Print Recipe
Romanesco Broccoli and Rigatoni
 
recipe image
Prep Time: 15 Minutes
Cook Time: 15 Minutes
Ready In: 30 Minutes
Servings: 6
It appears to be a spin off of Pasta Con Broccoli which I absolutely love.
Ingredients:
salt and black pepper
1 lb rigatoni pasta
3 tablespoons butter
1 large onion, chopped
2 large garlic cloves, finely chopped
1/2 cup dry white wine
1 cup chicken stock or 1 cup vegetable stock
1 head romanesco broccoli or 1 head broccolini, cut into florets
1 teaspoon lemon peel, grated
2 sprigs rosemary, finely chopped
1/2 teaspoon crushed red pepper flakes
2/3 cup pecorino romano cheese, grated, plus more to pass around the table (a couple of generous handfuls)
1/2 cup walnuts, chopped, toasted
Directions:
1. Bring a large pot of water to a boil, salt it, add the pasta and cook until al dente. Drain, reserving a couple of ladlefuls of the pasta cooking water.

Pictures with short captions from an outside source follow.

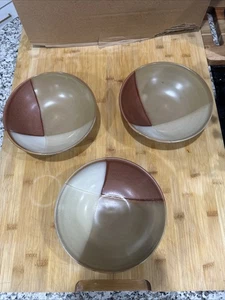 Vintage 3 Sango Gold Dust Sienna Soup Salad Cereal Bowls Stoneware 5039 7 3/4" * - Picture 1 of 9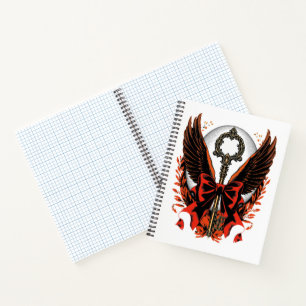 Gothic Velvet Bow Key with Wings & Moon Notebook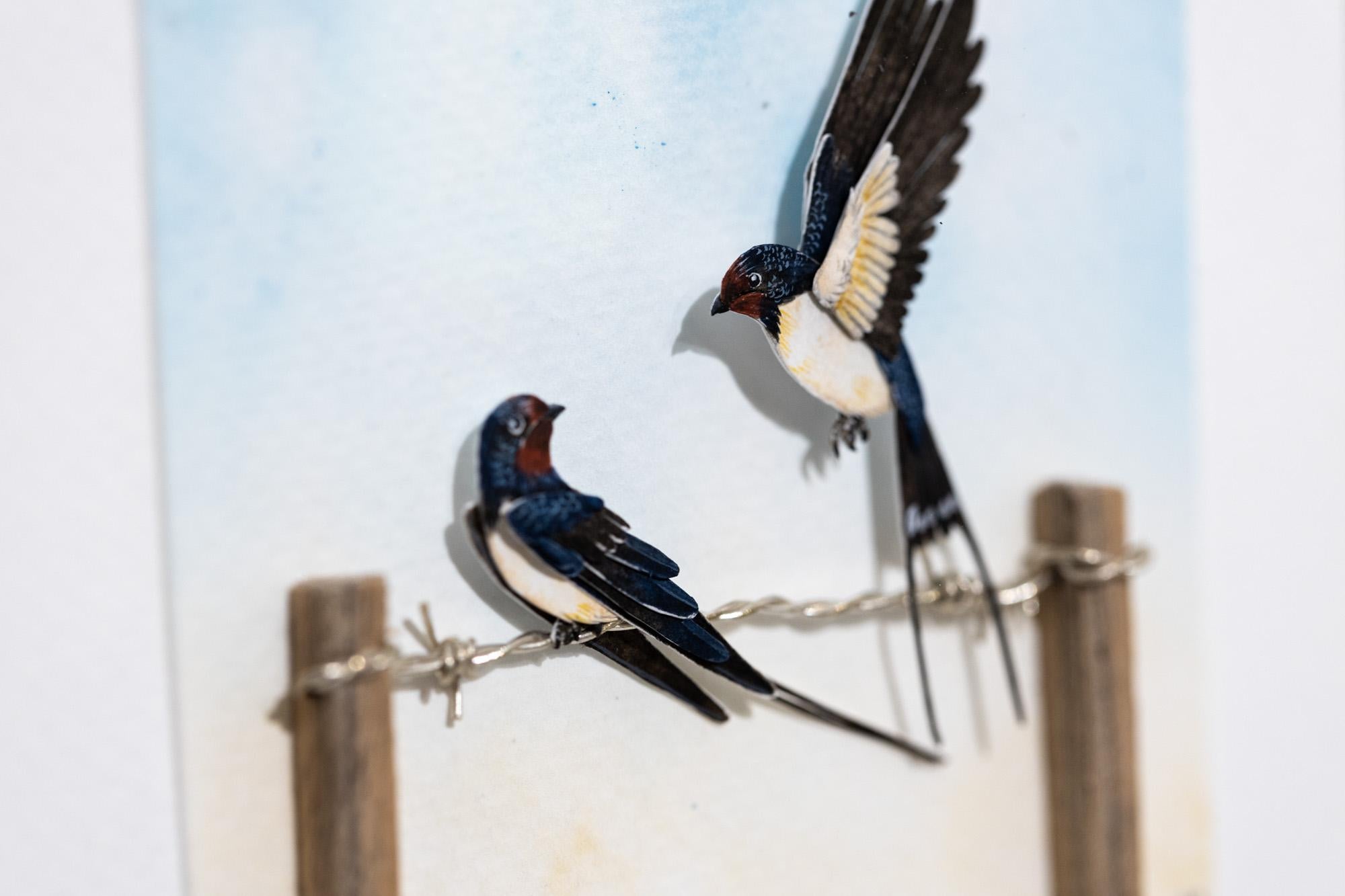 Barn Swallow - Gray Animal Art by Nayan and Venus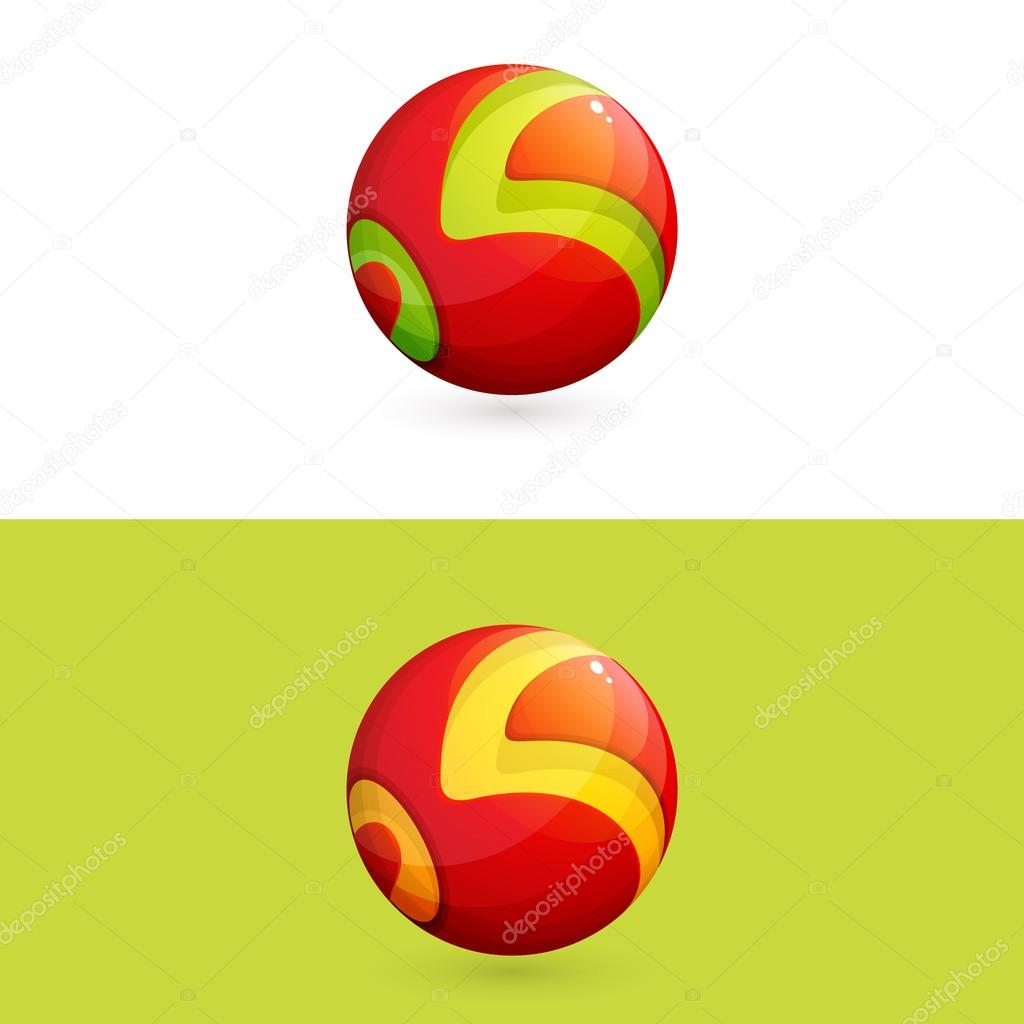 Sphere shape K letter logo, vector illustration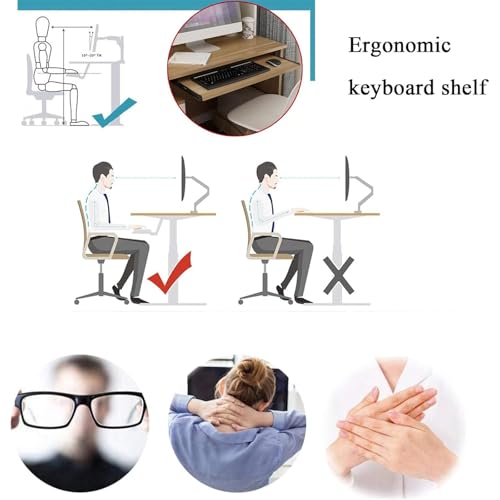 WROASLTOUX Wooden Under Desk Keyboard Tray Storage Shelf,Mute Large Keyboard Drawerstray Under Desk Pull-Out,Slide-Out Platform Computer Drawer, for Keyboard Mouse/Typing,White,54cm/21.2in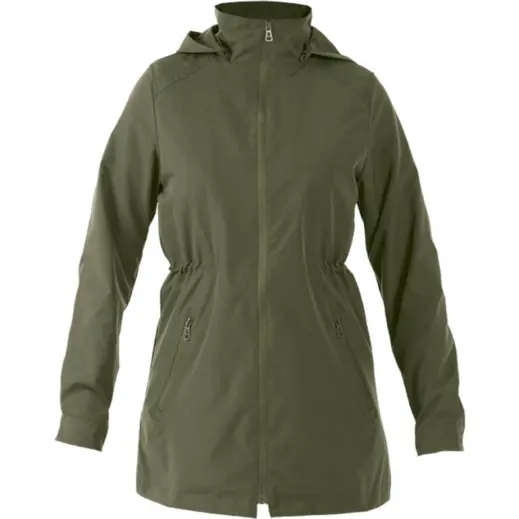 Ladies Water Resistant Rain Jacket Sage Front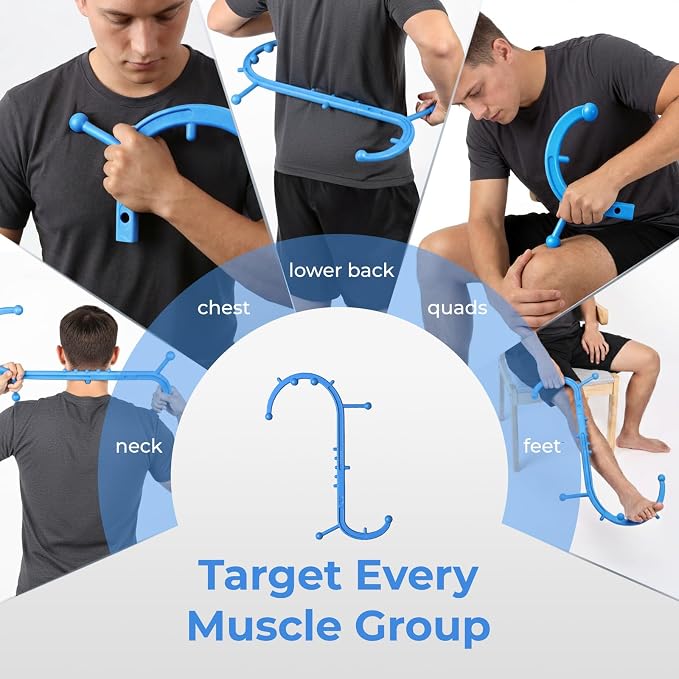 Detachable Trigger Point Massage Cane, Button-Release Design Massage Hook for Back, Neck & Shoulder Pain Relief, Pressure Point Massage Tool for Muscle Recovery (Medium, Blue)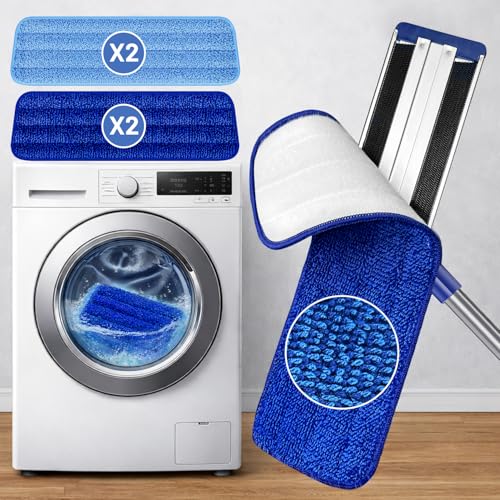 Microfiber Floor Mop for Hardwood Floors: 55" Adjustable Professional Flat Mop with 4 Washable Pads Stainless Steel Handle for Wet Dry Laminate Tile Vinyl Floor & Wall Cleaning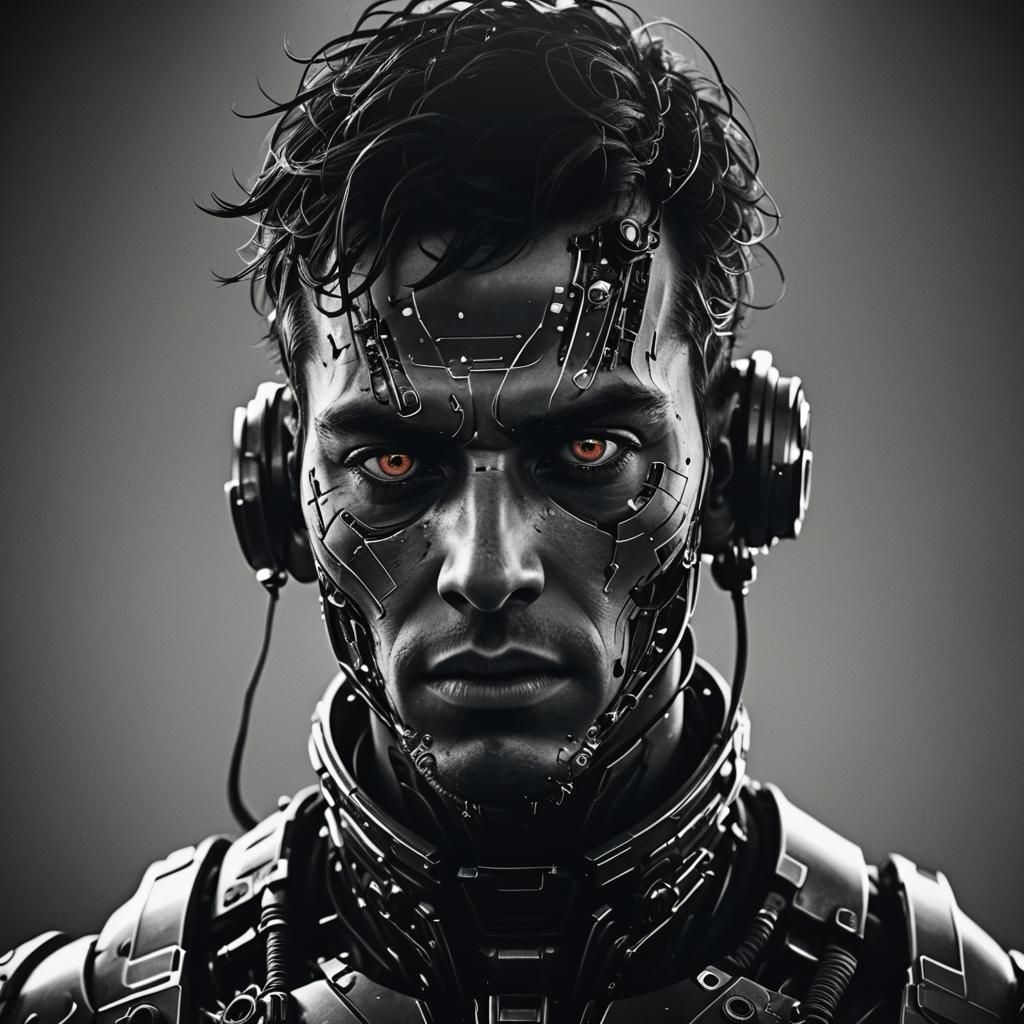 Detailed Cyberpunk Silhouette of Male Cyborg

2. While the pasta is working, in a large, heavy saucepan or Dutch oven, melt the butter over medium-high heat. Add the onion and garlic and cook until golden, 6 to 7 minutes. Stir in the wine for 1 minute, then the chicken stock. Add the broccoli, lemon peel, rosemary and crushed red pepper; season with salt and black pepper. Cover and cook for 10 minutes.
3. In a serving bowl, toss the pasta, reserved pasta cooking water, cooked vegetables, cheese and nuts for a minute. Season with salt and black pepper and serve, passing extra cheese at the table.